Revisiting Modality Imbalance In Multimodal Pedestrian Detection
- URL: http://arxiv.org/abs/2302.12589v2
- Date: Fri, 7 Jul 2023 08:22:17 GMT
- Title: Revisiting Modality Imbalance In Multimodal Pedestrian Detection
- Authors: Arindam Das, Sudip Das, Ganesh Sistu, Jonathan Horgan, Ujjwal
Bhattacharya, Edward Jones, Martin Glavin, and Ciar\'an Eising
- Abstract summary: We introduce a novel training setup with regularizer in the multimodal architecture to resolve the problem of this disparity between the modalities.
Specifically, our regularizer term helps to make the feature fusion method more robust by considering both the feature extractors equivalently important during the training.
- Score: 6.7841188753203046
- License: http://creativecommons.org/licenses/by/4.0/
- Abstract: Multimodal learning, particularly for pedestrian detection, has recently
received emphasis due to its capability to function equally well in several
critical autonomous driving scenarios such as low-light, night-time, and
adverse weather conditions. However, in most cases, the training distribution
largely emphasizes the contribution of one specific input that makes the
network biased towards one modality. Hence, the generalization of such models
becomes a significant problem where the non-dominant input modality during
training could be contributing more to the course of inference. Here, we
introduce a novel training setup with regularizer in the multimodal
architecture to resolve the problem of this disparity between the modalities.

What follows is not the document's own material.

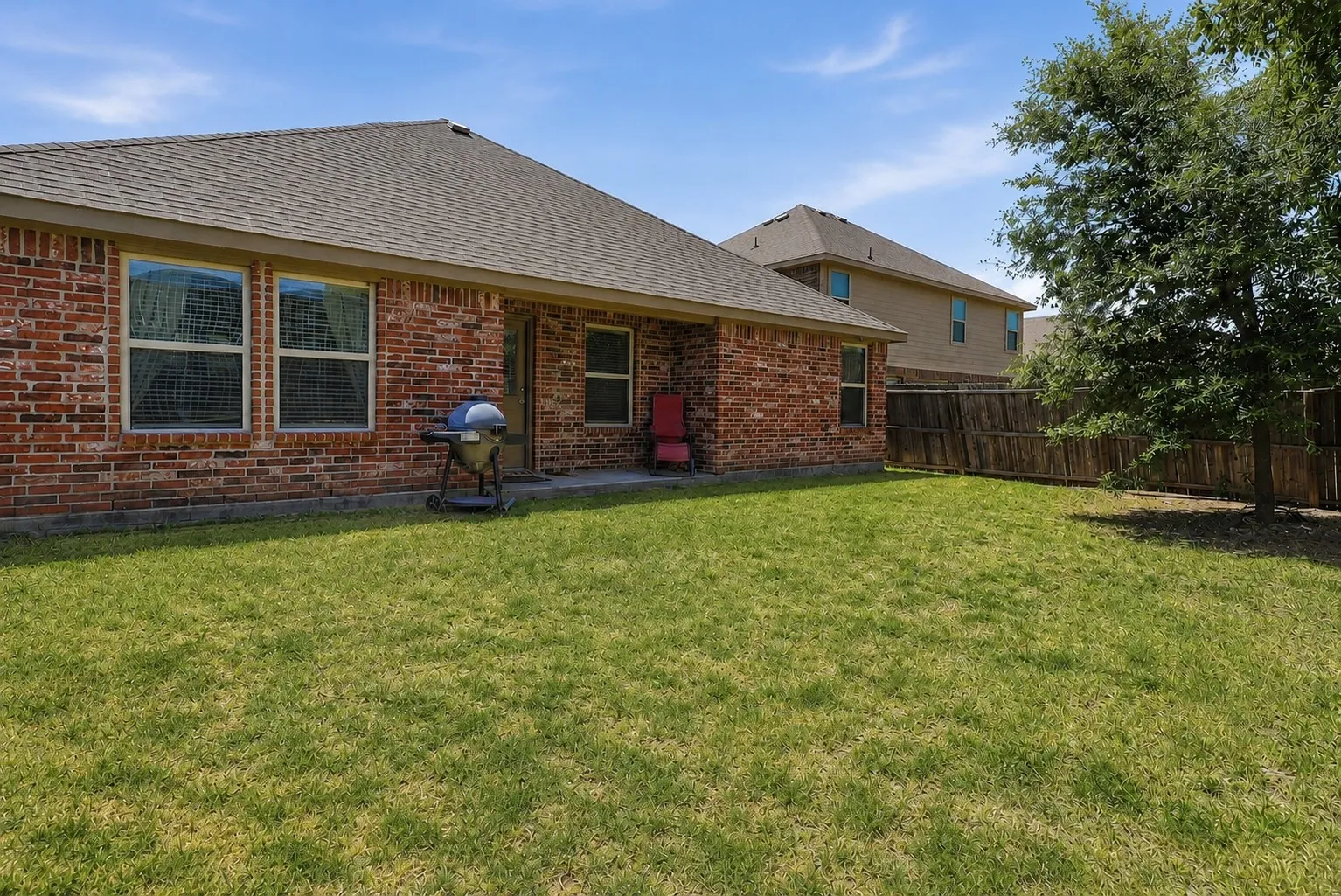 Single Family Residence For Rent in Kaufman County , 2380 Willard Way, Forney, Texas 75126, 4 Bedroom, 2 Bathroom, 2 Garage spaces, 1,894 Sqft, built in 2017, mls#21367723, Real Estate Agent in Forney, Homes For Rent in Kaufman county, Homes For Rent in Forney, Realtor in Forney Texas, Real Estate Brokerage Independent Realty Texas, Luminita Cordes Realtor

Specifically, our regularizer term helps to make the feature fusion method more
robust by considering both the feature extractors equivalently important during
the training to extract the multimodal distribution which is referred to as
removing the imbalance problem. Furthermore, our decoupling concept of output
stream helps the detection task by sharing the spatial sensitive information
mutually. Extensive experiments of the proposed method on KAIST and UTokyo
datasets shows improvement of the respective state-of-the-art performance.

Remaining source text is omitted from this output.